Using the data below, print exactly the line with "Deadly Sins New and Old", the line with "Confronting Unbelief", and every line between them, but none of the pictures.

** DATA FOR THIS EXERCISE follows **

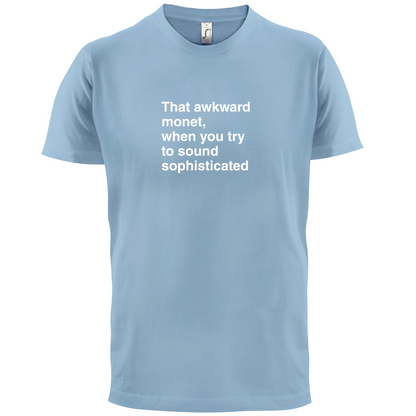 That Awkward Monet T Shirt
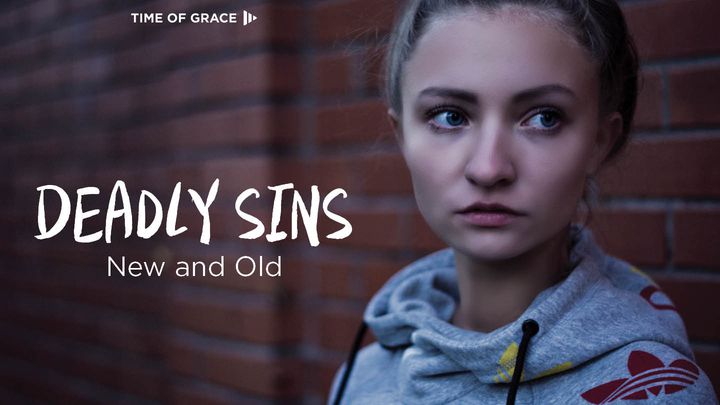 Deadly Sins New and Old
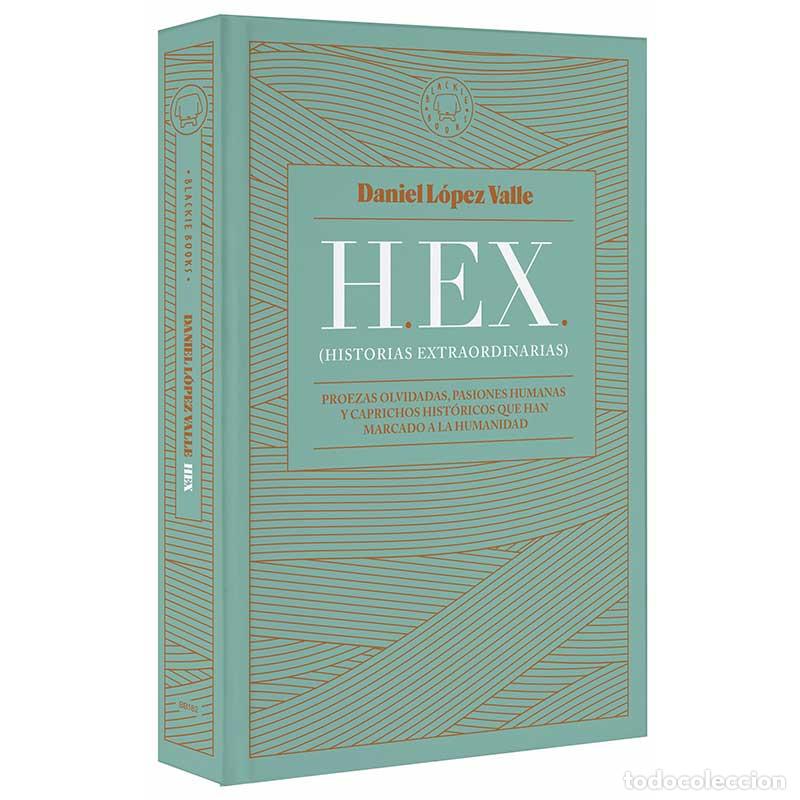 Libros: HEX - Daniel L&oacute;pez Valle - Libro Nuevo - Foto 1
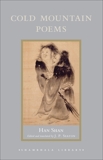 Cold Mountain Poems: Zen Poems of Han Shan, Shih Te, and Wang Fan-chih, Han Shan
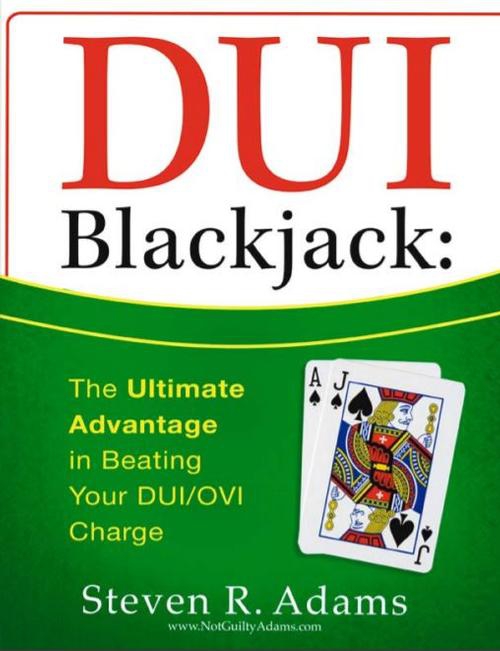 DUI Blackjack: The Ultimate Advantage in Beating Your DUI/OVI Charge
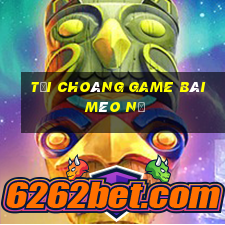 Tải Choáng Game Bài Mèo Nổ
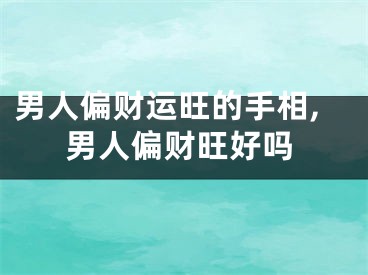 男人偏财运旺的手相,男人偏财旺好吗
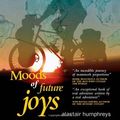 Cover Art for 9781903070567, Moods of Future Joys by Alastair Humphreys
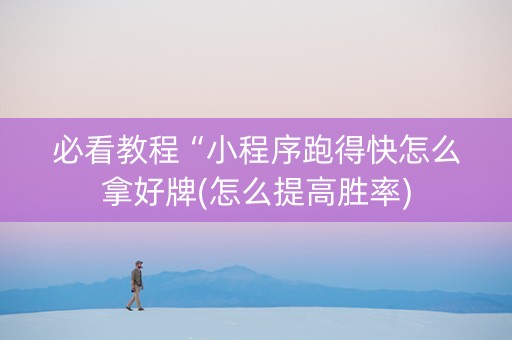 必看教程“小程序跑得快怎么拿好牌(怎么提高胜率)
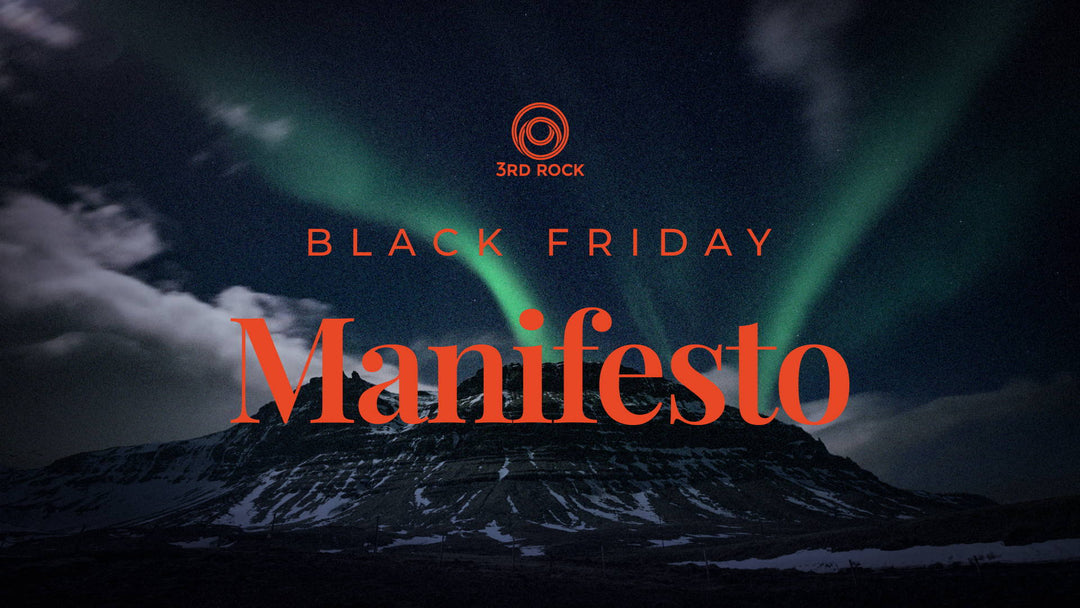 3RD ROCK Black Friday Manifesto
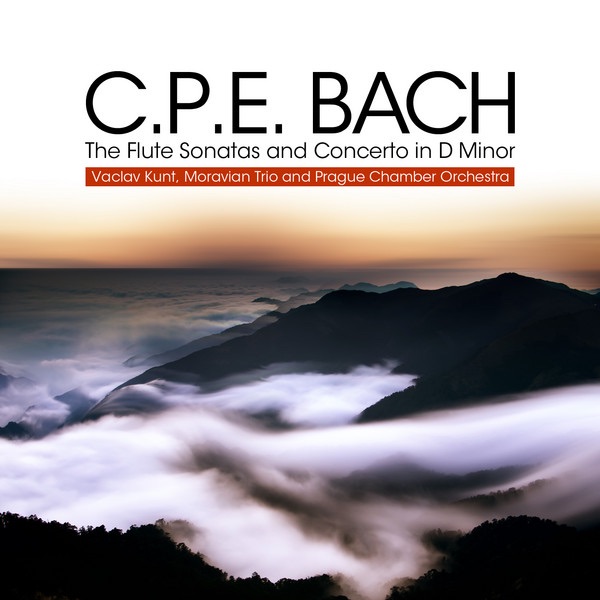 C.P.E. Bach: The Flute Sonatas and Concerto In D Minor by Prague Chamber Orchestra, Vaclav Kunt & Moravian Trio album cover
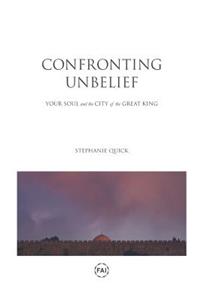 Confronting Unbelief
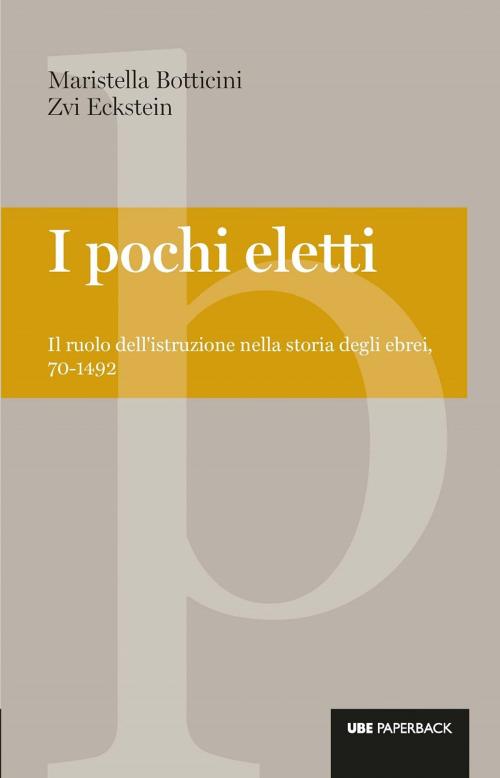 Cover of the book I pochi eletti by Maristella Botticini, Zvi Eckstein, Egea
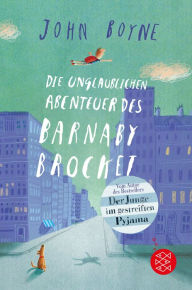 Title: Die unglaublichen Abenteuer des Barnaby Brocket, Author: John Boyne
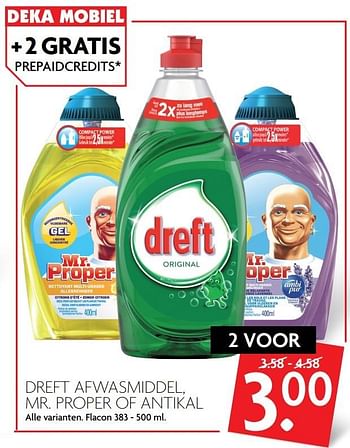 Aanbiedingen Dreft afwasmiddel, mr. proper of antikal - Dreft - Geldig van 26/02/2017 tot 04/03/2017 bij Deka Markt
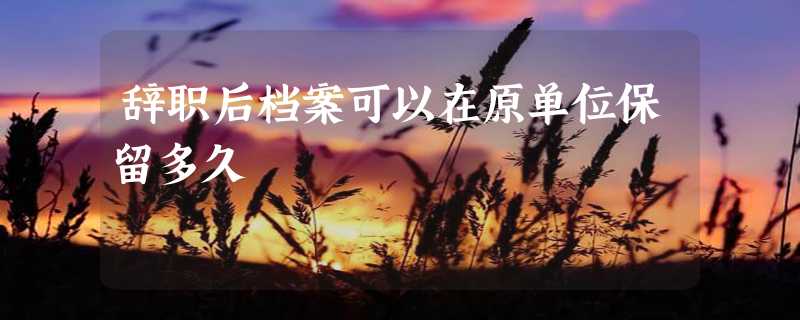 辞职后档案可以在原单位保留多久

** End of DATA FOR THIS EXERCISE **

● **EXERCISE RESULT**
 Deadly Sins New and Old
 Libros: HEX - Daniel L&oacute;pez Valle - Libro Nuevo - Foto 1
 Cold Mountain Poems: Zen Poems of Han Shan, Shih Te, and Wang Fan-chih, Han Shan
 DUI Blackjack: The Ultimate Advantage in Beating Your DUI/OVI Charge
 Tải Choáng Game Bài Mèo Nổ
 男人偏财运旺的手相,男人偏财旺好吗
 Cover Art for 9781903070567, Moods of Future Joys by Alastair Humphreys
 必看教程“小程序跑得快怎么拿好牌(怎么提高胜率)
 3RD ROCK Black Friday Manifesto
 C.P.E. Bach: The Flute Sonatas and Concerto In D Minor by Prague Chamber Orchestra, Vaclav Kunt & Moravian Trio album cover
 Confronting Unbelief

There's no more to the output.